The Hawks were one of the more active teams in free agency during the 2020 offseason, signing five new players. Atlanta established itself as an attractive destination for free agents, which has a lot to do with this team's young and promising core.
Atlanta's prized signing came in the form of Danilo Gallinari, who had an outstanding season with the Oklahoma City Thunder in 2019-20. The Hawks agreed to a sign-and-trade deal with the Thunder which amounted to a $61.4-million contract for Gallinari over the next three years. In exchange, Atlanta sent a 2028 second-round pick to OKC.
The Hawks also signed Bogdan Bogdanovic to a massive four-year contract worth $72 million. Interestingly, the Milwaukee Bucks appeared to have already signed Bogdanovic only for the deal to fall through at the last minute. Atlanta pounced on the mishap and got their man.
The Hawks also priced two-time NBA champ Rajon Rondo from the Los Angeles Lakers for $15 million.
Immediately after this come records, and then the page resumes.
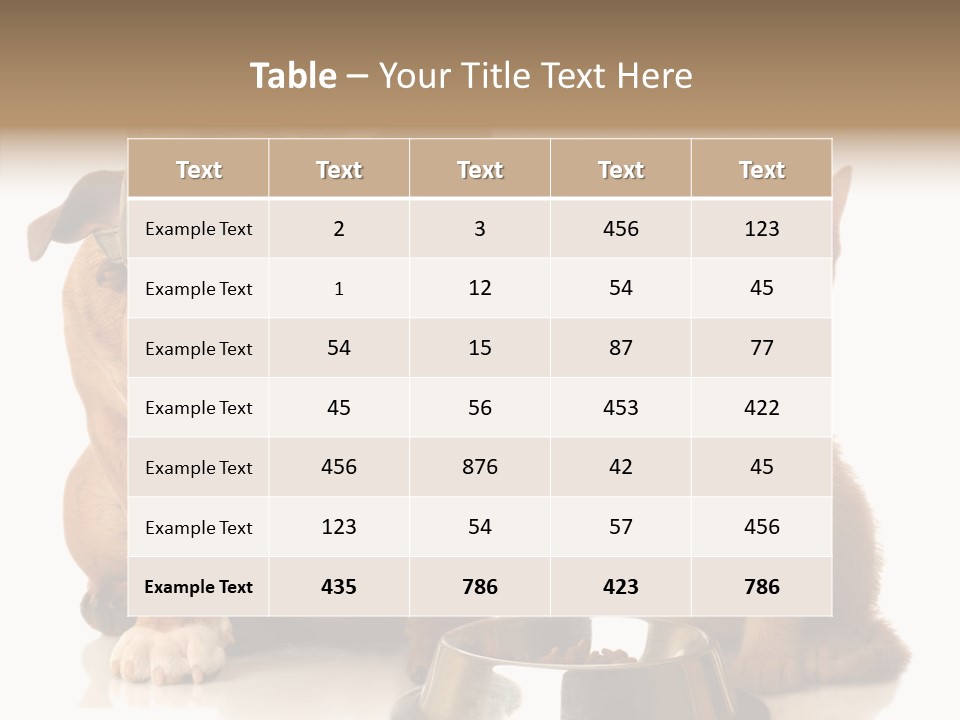 Obedient Friendly Cute PowerPoint Template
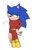 Size: 821x1300 | Tagged: safe, artist:sakana_wo_kuu, sonic the hedgehog, zonic the zone cop, 2024, simple background, solo, white background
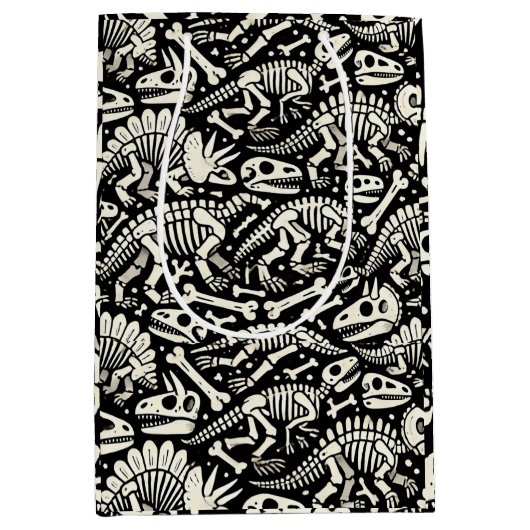Sac Cadeau Moyen Dinosaur Bone Adventure (Devant)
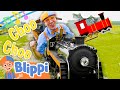 BRAND NEW BLIPPI Train Song! Choo Choo Vehicle Songs for Kids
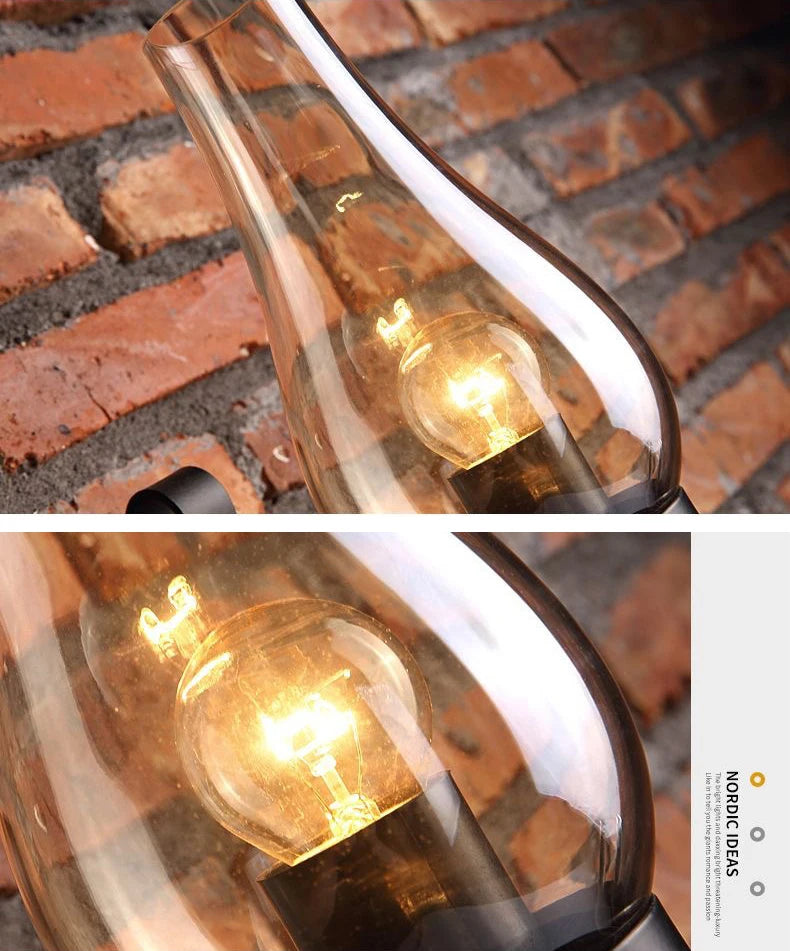 Retro Industrial Iron Wall Lamp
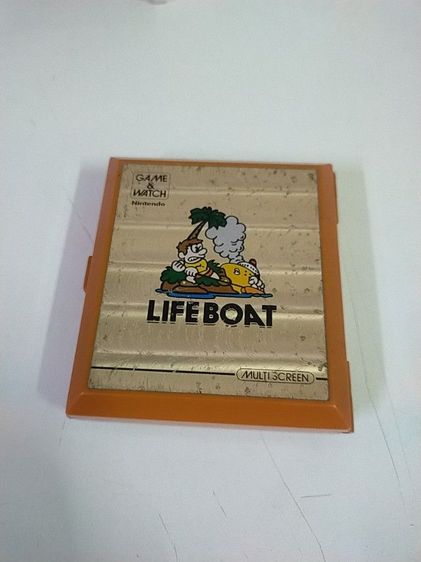 Nintendo เกมส์นินเทนโด และอุปกรณ์ เชื่อมต่อไร้สายได้ เกมกด LIFEBOAT เกมกด ยุค80 สภาพดี มีเสียง มีภาพ ฝาปิดถ่านมี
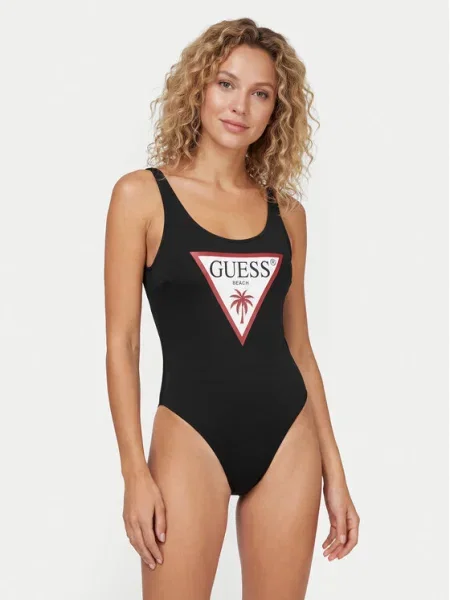 GUESS Costum de baie întreg VIOLET roșu / negru alb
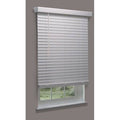 White Faux Wood Cordless Blinds O73271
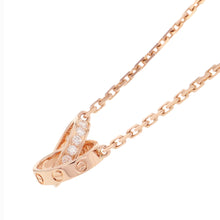 Load image into Gallery viewer, CARTIER Baby Love Semi-Pave NecklaceB7013900 18K Pink Gold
The former All-Star penned a two-season deal with the Hawks, with the team expecting Rondo to serve as a mentor for Trae Young.
The Hawks added further depth to its backcourt by signing Kris Dunn from the Chicago Bulls on a two-year deal worth $10 million.
Finally, the Hawks also signed 6-foot-6 forward Solomon Hill to a one-year, non-guaranteed deal worth $2.2 million.
Technically speaking, Atlanta's most recent trade deal came in the form of veteran forward Danilo Gallinari, but that was a sign-and-trade deal. As a free agent, Gallo signed a new deal with OKC first ($61.4 million for three years) before being traded to the Hawks. In exchange, Atalanta sent a conditional 2028 second-round pick in the way of the Thunder.
Over the offseason, the Hawks also struck a deal with the Detroit Pistons. Atlanta parted ways with big man Dewayne Dedmon in exchange for Tony Snell and Khyri Thomas. While Snell eventually emerged as a key part of the team's rotation for the 2020-21 season, Thomas ended up being waived a few days after the trade.
Since being established as a franchise in 1949 (as the Tri-Cities Blackhawks), this team has only won the NBA title once. This came during the 1957-58 season when the team, then the St. Louis Hawks, defeated the mighty Boston Celtics in the Finals in six games.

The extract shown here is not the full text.